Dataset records
= = = = = = =

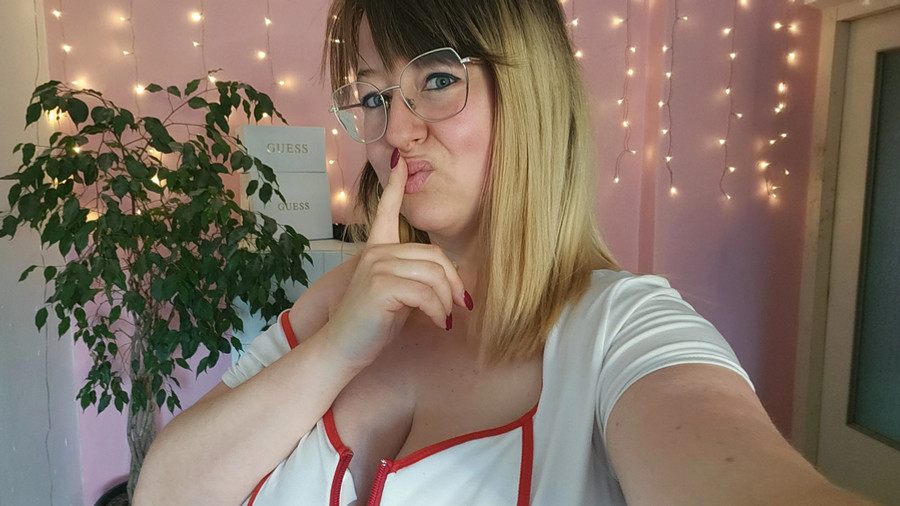 Schwester Lilly zieht blank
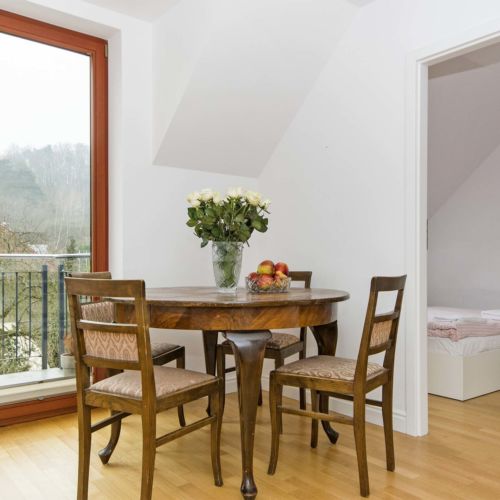 Apartament 4-osobowy z balkonem z widokiem na las z 2 pomieszczeniami sypialnianymi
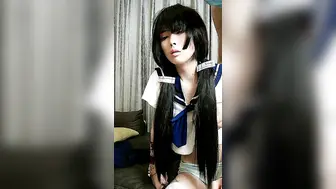 纹身少女跟两个小哥哥玩3P【下篇】露脸被小哥在床上各种抽插爆草玩弄骚穴，口交大鸡巴把自己都累换了还不被放过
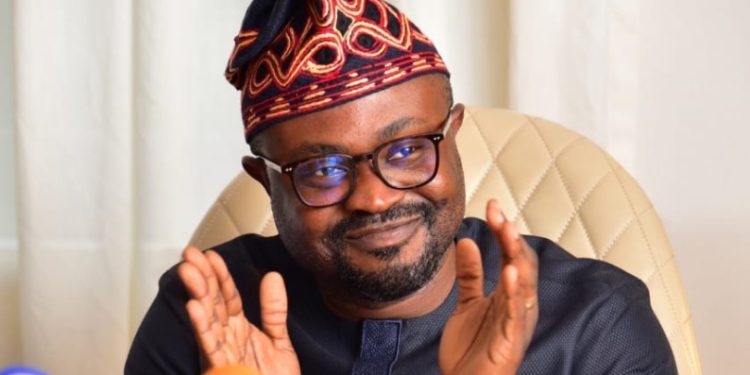 Interior Minister Warns Immigration Officials Against Illegal Passport Charges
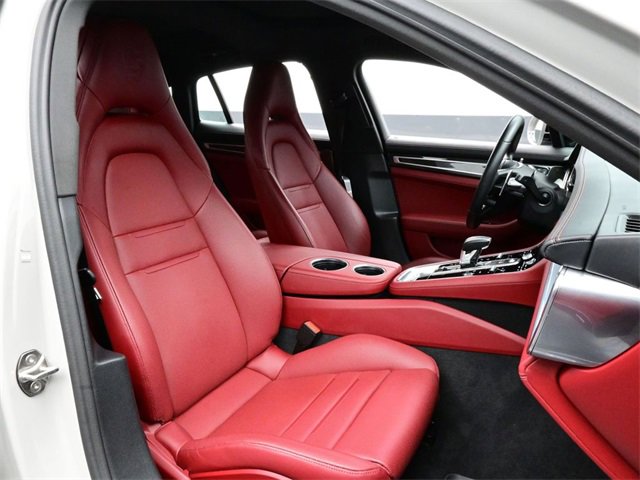 Used 2023 Porsche Panamera 4 Platinum Edition image 18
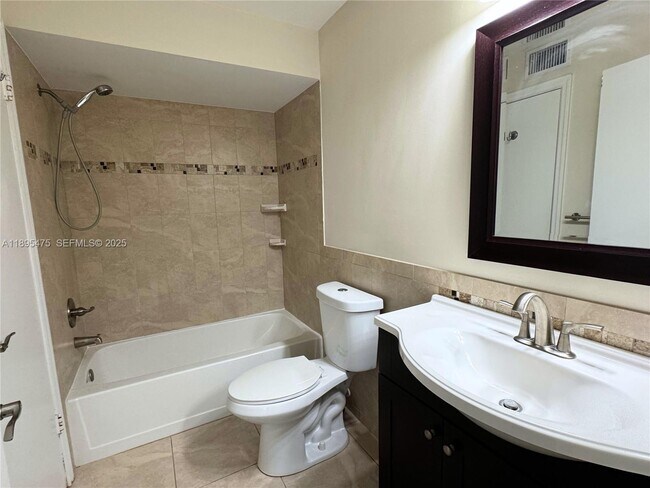 Building Photo - 2926 S University Dr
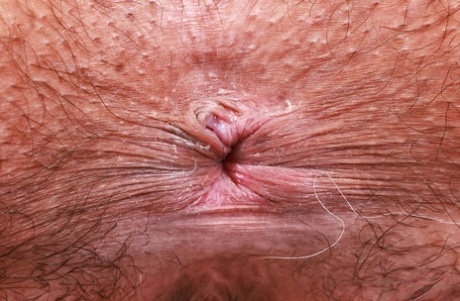 harige latina exclusief voor porno foto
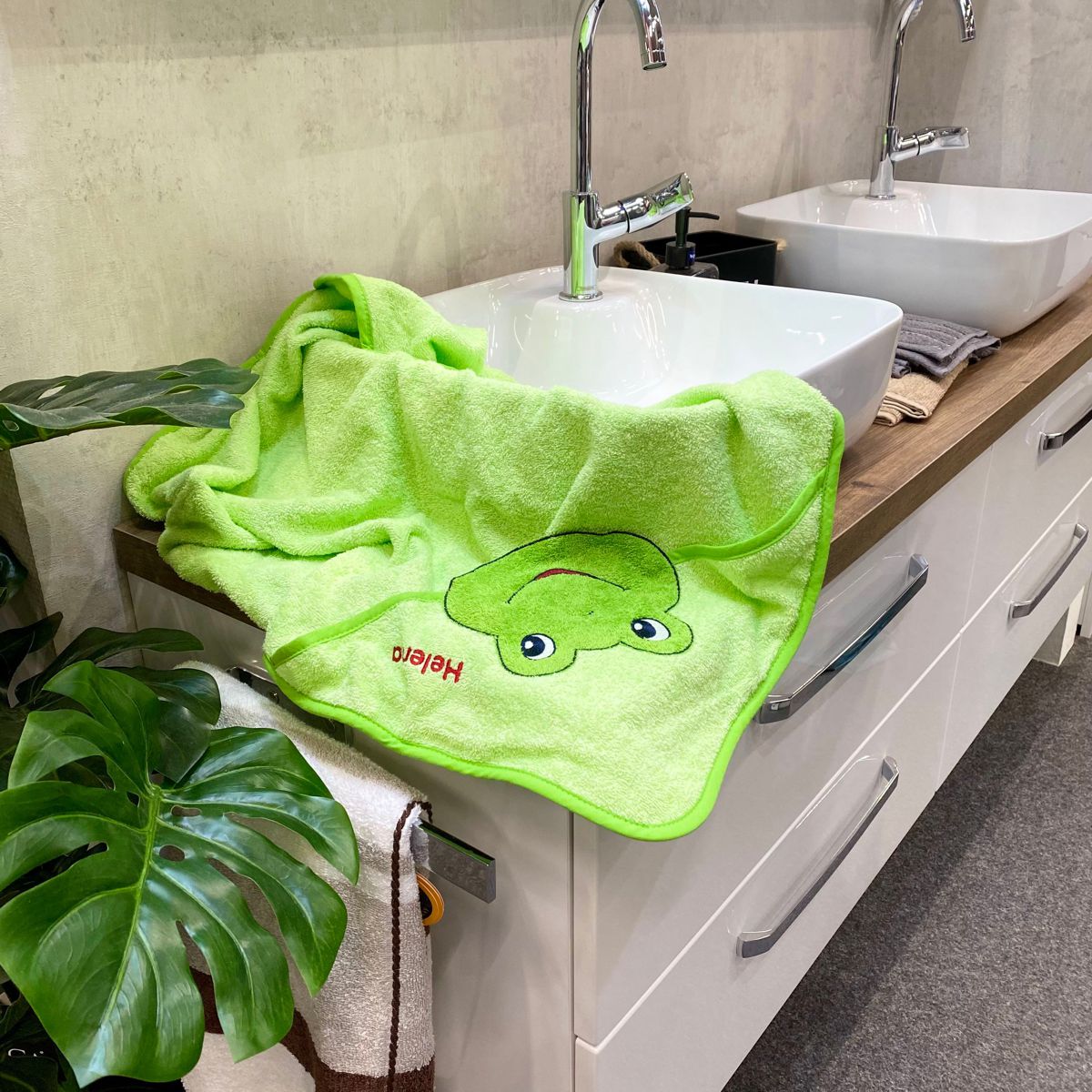 Handtuch Froschgesicht liegt auf Waschbecken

= = = = = = =

### EXERCISE BRIEF
Please print the lines from the one holding "Interior Minister Warns" through the end of the records above, unchanged and with the pictures left out.

### ANSWER BELOW
 Interior Minister Warns Immigration Officials Against Illegal Passport Charges
 Used 2023 Porsche Panamera 4 Platinum Edition image 18
 Building Photo - 2926 S University Dr
 harige latina exclusief voor porno foto
 Handtuch Froschgesicht liegt auf Waschbecken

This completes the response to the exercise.